Proving correctness of a recursive function of multiplication by induction.

Question

Define multiplication of two numbers y and z as: $$m_c(y,z)=\begin{cases}0&z=0\\m_c\left(cy,\left\lfloor \frac zc\right\rfloor\right)+y(z\mod c)&z\neq 0\end{cases}\tag{$\forall c\geq 2$}$$ Now I need to show that this is correct using induction.

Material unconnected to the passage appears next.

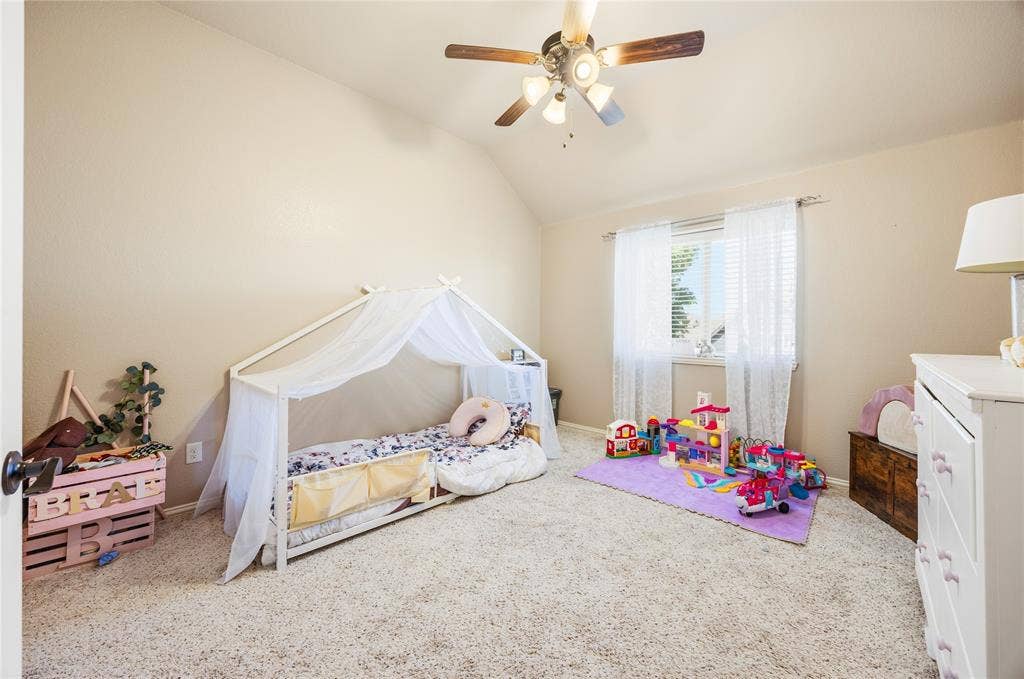 1133 Vickery Drive, DeSoto, TX 75115 5th Bedroom - 2nd floor, featuring vaulted ceiling room, carpet, ceiling fans, window with blinds.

It is obviously true for the case $z=0$. Otherwise: $$\begin{align}\forall z\neq 0,\;m_c(y,z)=&m_c\left(cy,\left\lfloor \frac zc\right\rfloor\right)+y(z\mod c)\\=&m_c\left(c^2y,\left\lfloor\frac 1c\left\lfloor \frac zc\right\rfloor\right\rfloor\right)+y(z\mod c)+cy\left(\left\lfloor\frac zc\right\rfloor\mod c\right)\\=&m_c\left(c^3y,\left\lfloor\frac 1c\left\lfloor\frac 1c\left\lfloor \frac zc\right\rfloor\right\rfloor\right\rfloor\right)+y(z\mod c)+cy\left(\left\lfloor\frac zc\right\rfloor\mod c\right)+\\&c^2y\left(\left\lfloor\frac 1c\left\lfloor\frac zc\right\rfloor\right\rfloor\mod c\right)\\=&\ldots\\=&m_c\left(c^ny,\underbrace{\left\lfloor\frac 1c\left\lfloor\frac 1c\left\lfloor\frac 1c\ldots\left\lfloor\frac zc\right\rfloor\ldots\right\rfloor\right\rfloor\right\rfloor}_{\text{n times c}}\right)\\&+\sum_{r=0}^{n-1} c^ry\left(\underbrace{\left\lfloor\frac 1c\left\lfloor\frac 1c\left\lfloor\frac 1c\ldots\left\lfloor\frac zc\right\rfloor\ldots\right\rfloor\right\rfloor\right\rfloor}_{\text{n-1 times c}}\mod c\right)\end{align}$$ Now for induction, where do I start? From n=1 , then k then k+1. Or something else? A hint is enough.

Answer 1

Base Case: If $z=0$ then it is true.
Assumption: true for $z\le n,c\ge 2,y\ge 0$ Induction: $$\begin{align}m(y,n+1)&=m\left(cy,\left\lfloor\frac {n+1}c\right\rfloor\right)+y((n+1)\mod c)\\ &=cy.\left\lfloor\frac {n+1}c\right\rfloor+y((n+1)\mod c)\tag{$\left\lfloor\frac{n+1}c\right\rfloor<n+1\forall c\ge 2$} \\&=y\left(c\left\lfloor\frac{n+1}c\right\rfloor+(n+1\mod c)\right) \\&=y(n+1)\end{align}$$

Answer 2

You should do induction on $z$, so that you can assume in the inductive step that $m_c\left(cy,\left\lfloor \frac zc\right\rfloor\right)=cy\cdot\left\lfloor \frac zc\right\rfloor$.